See more from this Session: Pedology Investigations in Support of Soil Survey: I
Distribution and origin of argillic horizons across Iowa
M. A. Ibrahim and C. L. Burras
Department of Agronomy, Iowa State University, Ames, IA 50011
Argillic horizons occur across 33.5% of Iowa's land area. Two-thirds of the area has Udalfs and Aqualfs. The remaining third has Argiudolls, Argiaquolls and Argialbolls. Soils in eastern and southern Iowa commonly have argillic horizons (e.g., argillic horizons cover almost 90% of some counties) while central and northwestern Iowa have the fewest (e.g., 0% in some counties). This general distribution has variously been attributed to trends in - and combinations of - rainfall, native biota, and parent material.
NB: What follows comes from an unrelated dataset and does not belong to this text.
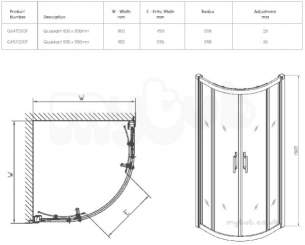 Twyford Outfit Total Install Showers -  Geo6 Quadrant 800x800mm G64703cp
Merit exists for each of these hypotheses. Conversely, uncertainty exists for each especially after argillic horizon distribution is evaluated regionally. That is, Nebraska, South Dakota and Minnesota have argillic horizons in soils where “Iowa” thinking would predict they should not form. This study investigates the relationship between argillic horizon occurrence and location across Iowa. We hypothesize the presence and magnitude of argillic horizon expression is a function of whole catena characteristics. The data undergirding our study comes from a variety of NRCS and Iowa Cooperative Soil Survey databases and pedon descriptions. Our analyses are via GIS. Our preliminary interpretation is open drainage systems generally have upland soils with well-expressed argillic horizons. The exception is when the average slope of the watershed exceeds between 5 and 10%. Closed catenas rarely have any soil with an argillic horizon. We attribute this to catena-wide destabilization of silicate minerals that occurs in response to depressional hydrophytes demand for silica as a nutrient.